Exercise requirements: With the pictures removed, write out the full listing below exactly.

Source material:
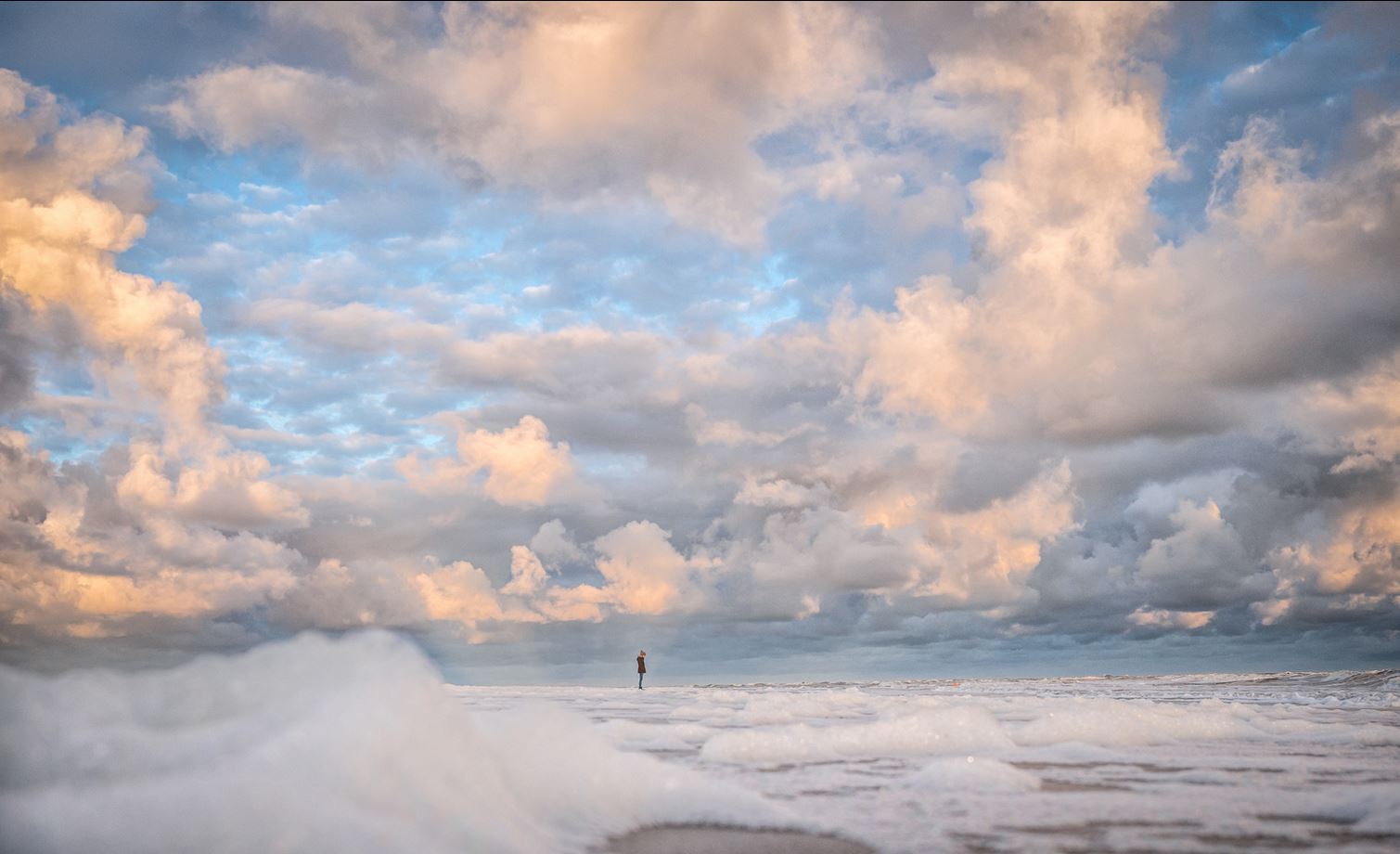 Spiekerooger Strand im Herbst mit Schaum und beeindruckenden Wolken am Himmel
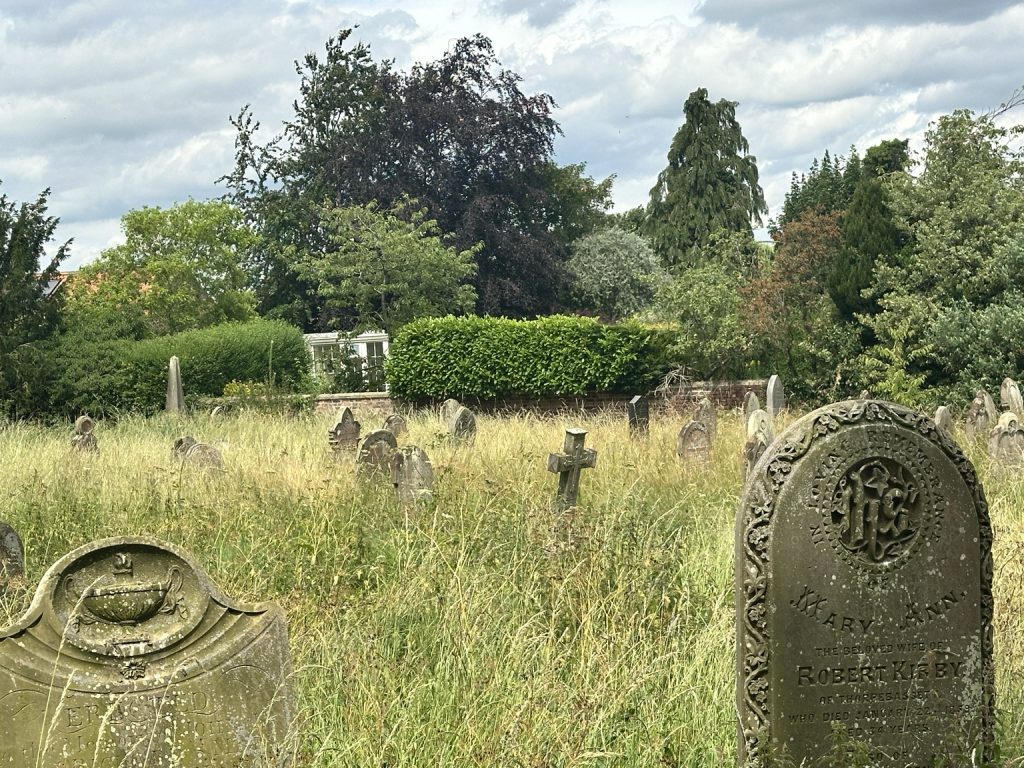 St Andrew’s churchyard, Rillington, with historic gravestones among long summer grass.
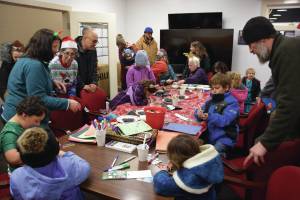Kids and parents craft holiday ornaments during at the Homer Chamber of Commerce and Visitor Center during their annual Christmas tree lighting celebration on Thursday, Dec. 5, 2024, in Homer, Alaska. (Delcenia Cosman/Homer News)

Answer to the exercise:
 Spiekerooger Strand im Herbst mit Schaum und beeindruckenden Wolken am Himmel
 St Andrew’s churchyard, Rillington, with historic gravestones among long summer grass.
Kids and parents craft holiday ornaments during at the Homer Chamber of Commerce and Visitor Center during their annual Christmas tree lighting celebration on Thursday, Dec. 5, 2024, in Homer, Alaska. (Delcenia Cosman/Homer News)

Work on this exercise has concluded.